Start date: Jan. 1, 2013
End date: Dec. 31, 2014
Sponsor: HOF (Research Fund University College Ghent)

About MuST

The MuST project aims to extract all domain-specific terms from a multilingual technical corpus as well as the semantic relationships between these terms. The automatic detection of synonymy and hyponymy links allows us to take an important step forward from a flat term list to a structured concept list. For the automatic terminology extraction and detection of semantic relations between the terms, we will use all available parallel corpora at hand without adding any external lexical resources. This turns it into a generic and language-independent approach, which will enable us to deploy it dynamically to new domains or documents. The bilingual terminology-extraction is carried out with a previously developed terminology extraction tool that generates bilingual term pairs from a parallel corpus (Lefever et al. 2009). For the automatic detection of synonyms, a distributional approach will be combined with a multilingual method.
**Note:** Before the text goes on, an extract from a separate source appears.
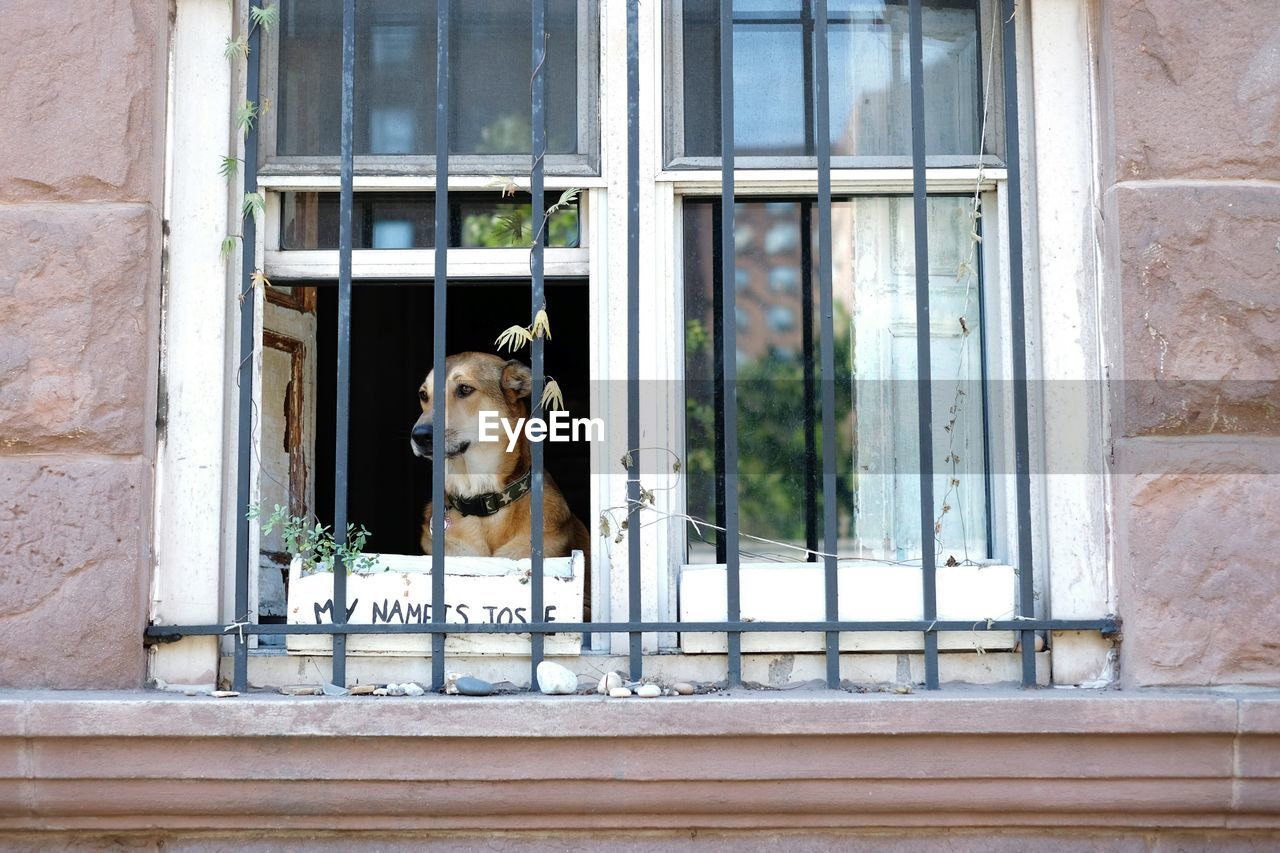 Dog in house seen through window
This distributional approach starts from the hypothesis that semantically related words occur in similar contexts. By comparing the context and syntactic information of terms, we can distinguish semantically related terms in the term list. For the multilingual approach, we apply a previously developed approach for word sense disambiguation using parallel corpora (Lefever et al. 2011). In order to automatically extract hyponymy relations, we develop an algorithm that adapts an existing pattern-based approach (Hearst 1992) to a multilingual context and that further optimizes the results by means of comparable corpora. References: Lefever, E., Macken, L., and Hoste, V. (2009). Language-independent bilingual terminology extraction from a multilingual parallel corpus. Proceedings of the 12th Conference of the European Chapter of the Association for Computational Linguistics. The Association for Computational Linguistics, Athens, Greece. Lefever, E., Hoste, V. and De Cock, M. (2011). ParaSense or how to use Parallel Corpora for Word Sense Disambiguation. Proceedings of the 49th Annual Meeting of the Association for Computational Linguistics: Human Language Technologies. Portland, Oregon, USA. Hearst, M. (1992). Automatic acquisition of hyponyms from large text corpora. Proceedings of the International Conference on Computational Linguistics (COLING-1992), 539-545. Nantes, France.